LIVERAGE™: A Study to Test Whether Survodutide Helps People With a Liver Disease Called NASH/MASH Who Have Moderate or Advanced Liver Fibrosis

NCT06632444 · Recruiting

Last updated 2026-05-28

This clinical trial is testing whether the drug survodutide can help people with a liver disease called MASH (Metabolic Dysfunction Associated Steatohepatitis) who also have moderate or advanced liver scarring.

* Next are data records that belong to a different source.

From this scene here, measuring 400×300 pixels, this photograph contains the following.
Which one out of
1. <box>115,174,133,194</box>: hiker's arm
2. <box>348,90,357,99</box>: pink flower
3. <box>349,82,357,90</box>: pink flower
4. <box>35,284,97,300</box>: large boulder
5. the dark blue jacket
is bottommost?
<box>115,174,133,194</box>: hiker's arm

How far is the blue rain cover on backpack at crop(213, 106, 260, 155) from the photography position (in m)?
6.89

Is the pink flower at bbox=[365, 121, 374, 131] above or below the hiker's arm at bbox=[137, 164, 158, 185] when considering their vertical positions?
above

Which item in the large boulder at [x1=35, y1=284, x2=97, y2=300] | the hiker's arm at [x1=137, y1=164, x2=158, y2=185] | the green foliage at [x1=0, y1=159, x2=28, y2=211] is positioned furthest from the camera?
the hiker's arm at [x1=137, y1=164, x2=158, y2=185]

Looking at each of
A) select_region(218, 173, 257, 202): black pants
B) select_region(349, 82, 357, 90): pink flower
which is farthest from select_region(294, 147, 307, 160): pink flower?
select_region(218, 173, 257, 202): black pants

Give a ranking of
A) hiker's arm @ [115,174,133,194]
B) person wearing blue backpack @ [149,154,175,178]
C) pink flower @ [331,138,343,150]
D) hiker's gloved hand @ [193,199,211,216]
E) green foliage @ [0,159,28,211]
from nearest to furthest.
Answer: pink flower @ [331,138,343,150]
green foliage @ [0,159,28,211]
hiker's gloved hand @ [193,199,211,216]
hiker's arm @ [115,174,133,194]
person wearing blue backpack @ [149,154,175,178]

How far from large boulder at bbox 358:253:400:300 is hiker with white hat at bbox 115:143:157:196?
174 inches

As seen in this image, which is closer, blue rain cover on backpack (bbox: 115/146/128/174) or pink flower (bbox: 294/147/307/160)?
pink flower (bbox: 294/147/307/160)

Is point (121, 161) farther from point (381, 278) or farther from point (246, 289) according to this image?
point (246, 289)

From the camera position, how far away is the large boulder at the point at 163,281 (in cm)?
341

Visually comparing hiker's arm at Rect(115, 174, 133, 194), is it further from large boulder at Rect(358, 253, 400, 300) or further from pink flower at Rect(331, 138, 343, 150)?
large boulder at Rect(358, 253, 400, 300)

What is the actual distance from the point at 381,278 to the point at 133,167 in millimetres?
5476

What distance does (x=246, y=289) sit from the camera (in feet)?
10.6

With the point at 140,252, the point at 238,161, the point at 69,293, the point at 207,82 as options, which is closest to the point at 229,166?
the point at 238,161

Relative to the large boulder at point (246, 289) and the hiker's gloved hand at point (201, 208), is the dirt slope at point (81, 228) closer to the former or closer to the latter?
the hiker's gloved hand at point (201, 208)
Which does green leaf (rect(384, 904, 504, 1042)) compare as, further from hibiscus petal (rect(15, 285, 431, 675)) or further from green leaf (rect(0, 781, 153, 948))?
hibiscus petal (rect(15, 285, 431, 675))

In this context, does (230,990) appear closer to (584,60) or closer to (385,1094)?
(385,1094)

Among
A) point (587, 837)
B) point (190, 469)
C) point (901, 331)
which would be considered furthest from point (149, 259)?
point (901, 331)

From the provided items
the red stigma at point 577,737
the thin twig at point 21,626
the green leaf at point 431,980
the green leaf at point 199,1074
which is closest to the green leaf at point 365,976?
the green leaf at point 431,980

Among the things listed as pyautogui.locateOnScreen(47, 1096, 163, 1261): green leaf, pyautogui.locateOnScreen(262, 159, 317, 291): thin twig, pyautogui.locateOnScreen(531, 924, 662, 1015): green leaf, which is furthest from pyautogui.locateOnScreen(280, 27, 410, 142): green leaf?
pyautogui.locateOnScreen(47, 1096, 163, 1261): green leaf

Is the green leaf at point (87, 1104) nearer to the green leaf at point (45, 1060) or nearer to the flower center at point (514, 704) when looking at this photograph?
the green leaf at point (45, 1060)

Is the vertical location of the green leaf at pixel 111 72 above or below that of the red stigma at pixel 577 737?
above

Status Recruiting Currently enrolling participants.
Phase Phase 3 Confirms effectiveness in a large group before approval.
Type Interventional (clinical trial)
Design Randomized, double-blind treatment study
Participants 1,800 people Planned (estimated).
Who can join Ages 18+ · all sexes
Timeline Started 2024-09 · est. completion 2031-12
Where 525 sites · Argentina, Australia, Austria, Belgium, Brazil, Bulgaria, Canada, Chile, China, Czechia, France, Georgia, Germany, Hungary, India, Italy, Japan, Jordan, Kazakhstan, Malaysia, Mexico, Netherlands, New Zealand, Poland, Puerto Rico, Romania, Saudi Arabia, Singapore, South Africa, South Korea, Spain, Switzerland, Taiwan, Turkey (Türkiye), United Kingdom, United States

What this study is testing ClinicalTrials.gov NCT06632444 ↗

Description as written by the study sponsor.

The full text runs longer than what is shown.